Workflow
token pruning
icon
Search documents
NeurIPS'25!AutoPrune:即插即用的自适应大模型剪枝框架
自动驾驶之心· 2025-10-07 07:46
Core Insights - The article discusses the introduction of AutoPrune, a training-free complexity-adaptive pruning framework designed to alleviate computational burdens in Visual Language Models (VLMs) by quantifying task complexity through mutual information between visual and textual tokens [3][18]. Background Review - Visual language models are central to multimodal systems, supporting tasks like image description and visual question answering (VQA).
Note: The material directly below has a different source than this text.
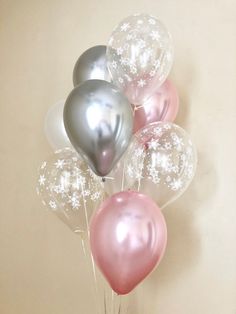 a bunch of balloons that are sitting in a vase on a table next to a wall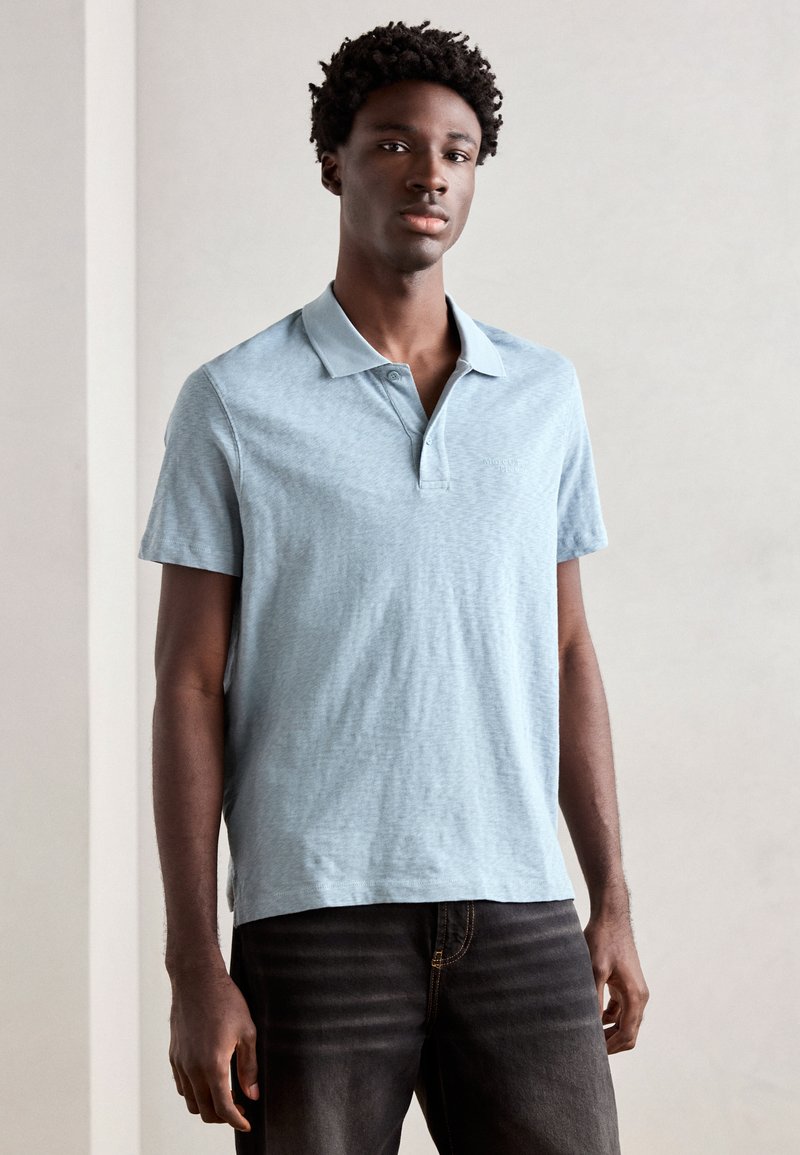 Polo shirt azzurro chiaro realizzato in un tessuto morbido, con colletto classico, maniche corte e una leggerissima trama melangiata. Abbinato a jeans scuri.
The coupling of perception and control in frameworks like VLA for autonomous driving leads to significant memory and latency bottlenecks due to high-resolution images being converted into numerous visual tokens [4][18]. - Previous methods typically employed fixed layer-wise pruning strategies, which lack global budget constraints and require manual tuning, making them less adaptable to varying task complexities [4][11]. Key Contributions - AutoPrune models visual token pruning as a constrained optimization problem under a global computational budget, optimizing three strategies: layer-wise token allocation, token selection, and token recovery [9][10]. - The complexity metric is derived from cross-modal attention, directly calculating mutual information to characterize sample difficulty and task complexity [10][13]. - The framework is designed to be plug-and-play, requiring no training and demonstrating superior performance across various datasets and pruning ratios compared to existing training-free methods [10][11]. Experimental Results - In experiments with LLaVA-1.5-7B, retaining 64 tokens maintained 96.7% of original accuracy while reducing FLOPs to 23.2%, indicating minimal loss under moderate pruning [14]. - LLaVA-NeXT-7B outperformed comparative methods across different token retention budgets, retaining 94.9% performance at a budget of 160 tokens [15]. - The results show that AutoPrune effectively supports real-time multimodal inference and embodied intelligence, revealing nuanced differences in attention distribution that align with cognitive neuroscience observations [18].